The article claims that “the Japanese publishing industry has embraced the cellphone novel.” The article brings up the tense battle between literary critics and afficianados of the art form and by the end you are left wondering why we read and more importantly, why we create. The site asks you to register to read the article, but here is the summary contained in the link:
Maho i-Land, which is the largest cell-phone-novel site, carries more than a million titles, most of them by amateurs, and all available for free. The novels, written by and for young women, purport to be autobiographical and revolve around true love. The medium is revolutionary, opening the closed ranks of the literary world to anyone who owns a mobile phone. Some feared that the cell-phone novel augured the end of Japanese literature. Mentions Yumi Toyozaki and Mikio Funayama. Funayama assembled a panel which found that the novels aren’t literature at all but the offspring of an oral tradition originating with mawkish Edo-period marionette shows and extending to vapid J-pop love ballads. The Japanese publishing industry has embraced cell-phone books. The cell-phone novel was invented by a Tokyo man in his mid-thirties who calls himself Yoshi. Mentions Toshiya Arai and Shigeru Matsushima, of Starts Publishing Company. The writer describes meeting Mone, whose literary celebrity had left her feeling bitter. “Eternal Dream” sold two hundred thousand copies and by now has been accessed nearly three million times online; a sequel was published in the summer of 2007. “The Tale of Genji,” considered by many to be the world’s first novel, was written a thousand years ago. “Genji” is the epitome of official high culture, but some have noticed certain parallels with Japan’s new literary boom. The third annual Japan Keitai Novel Award ceremony, for a contest held by Starts, had a “Tale of Genji” theme. Cell-phone novelist Kiki won the grand prize.
Just Like a Girl
Whenever I travel distances longer than a day’s journey, I read a book. Whenever I commute home from work, or to yoga, or whenever I ride the subway to see my friend or to go to work, I read my phone. And more and more often, I use my phone to compose poems, write notes, write emails to people and even sketch out ideas for marketing the conferences that I run.
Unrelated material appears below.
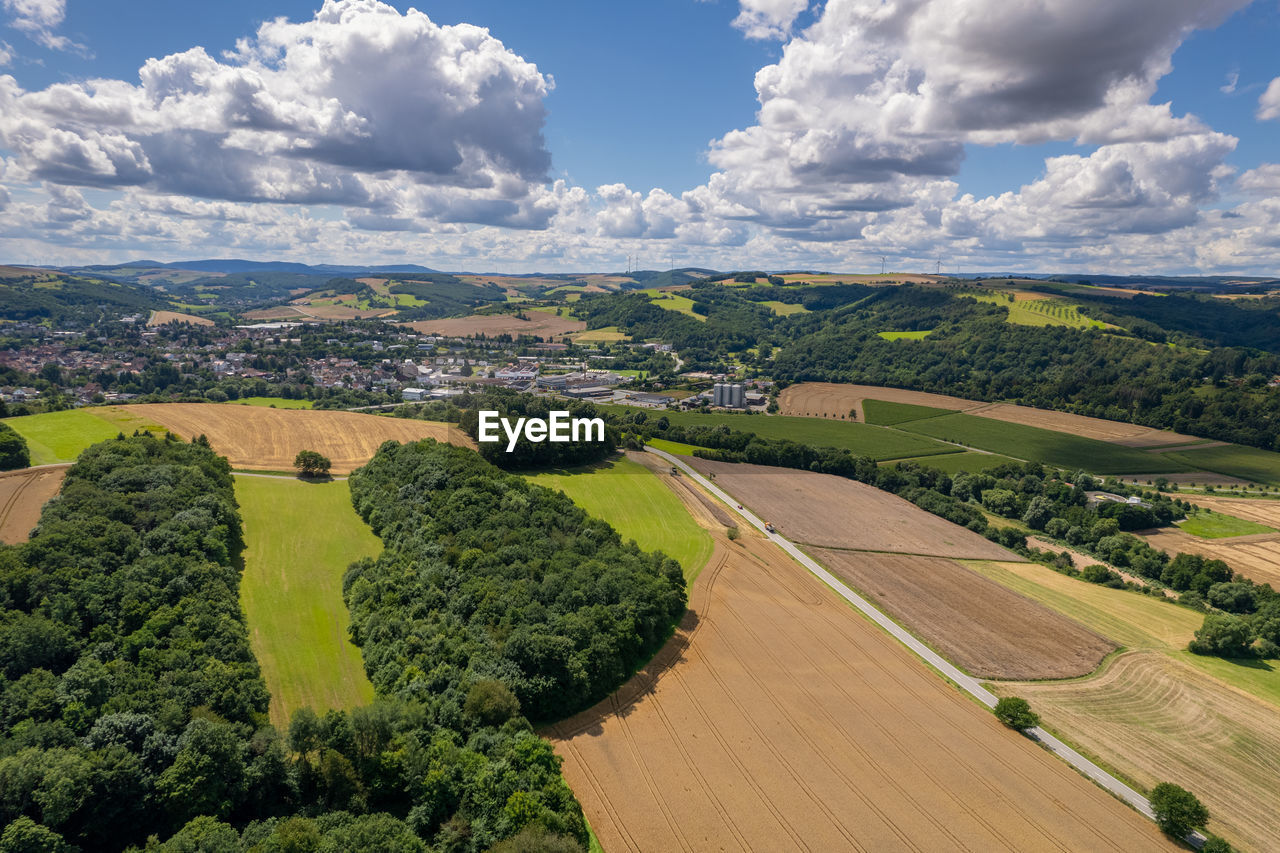 PANORAMIC VIEW OF AGRICULTURAL FIELD AGAINST SKY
In short, my cellphone has replaced the Moleskine book I used to carry with me when I was in University, long before I had ever owned a Blackberry.
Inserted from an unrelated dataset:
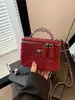 Bolso acolchado de pedido extranjero para mujer, bolso cruzado moderno y versátil, nuevo bolso de hombro Otoño/Invierno 2026, bolso de caja con cadena
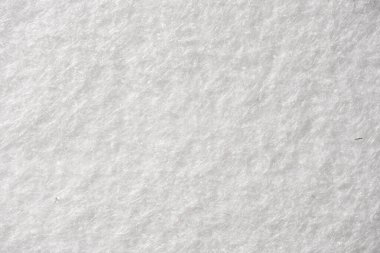 Macro image of white felt fabric, highlighting its soft, fuzzy surface texture, ideal for backgrounds or textile visuals.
On the blogs that I maintain for work and for pleasure I am writing something for myself, but mostly I am writing for other people. I want to communicate. I want a circle of readers, friends and compatriots who think about the world in similar but subtly different and life-defining ways. I write to find someone else.
In this sense, I share something similar with young Japanese women, who use their cell phones to write novels.
The Book As Sewing Circle
When I was in graduate school for creative writing, I studied at the Folger Shakespeare Library in Washington, DC. Subjects I studied: the construction and the social use of the novel, the poetry of the Renaissance poets, and the construction of the physical book.
The main theme throughout the creation and construction of the book (and the reader) from the Renaissance through to the eighteenth and nineteenth century was, to a point, the evolution of the female and male reader from a communal subject to an individual who worked and socialized in a type of niche or clique.
That seems to be exactly what cellphones are helping us to do now. We can find new cliques. We can make our own niches. Looking back at Japan:
Banana Yoshimoto, whose extremely popular novels are said to borrow their dreamy, surreal styel from girls’ manga, wrote in an email, “Youth have their own kind of suffering, and I think that the celphone novels became an outlet for their suffering. If the cellphone novells act as some consolation, that is fine.” She went on, “I personally am not interested in them as novels. I feel that it is a waste of time to read them.”
Waste of time or not, isn’t it a great pleasure to think that within the long history of Japan a smaller niche of teenage girls is evolving as readers and collaborators on an art form and a social communication form that accelerates their definition as individuals? It’s like having a microcosm of evolution going on within the context of its own evolving, technologically adept culture.
Or is that marketing talk? It might very well be. Again in Goodyear’s article:
The stories are like folktales, perhaps not literally true but full of telling ethnographic detail. “I suppose you can say keitai shosetsu are a source of data or information — the way they use words, how they speak, how they depict scenes,” Kensuke Suzuki, a sociologist, told me. “We need these stories so we can learn how young women in Japan commonly feel.”
A sociologist is different than a marketing manager. One wants to know, so that he can help educate the culture and address concerns and troubles that affect the young. The other might manipulate and try to sell them something, based on the product the young girls are creating for themselves.
Both are curious about the same issue. Why are there not more avenues available for young people, or people of all types to try their hand at art forms, literature or writing? Why is it all locked up by the experts?
These avenues are needed. I am not a young Japanese girl, but after a day in the corporate pigeon hole, warbling about revenues, marketing language, hypens and private debt, I want a release. I want to talk in my own language with my own people.
Halfway over the Manhattan Bridge the first of several texts for the night come in: “Ready to party?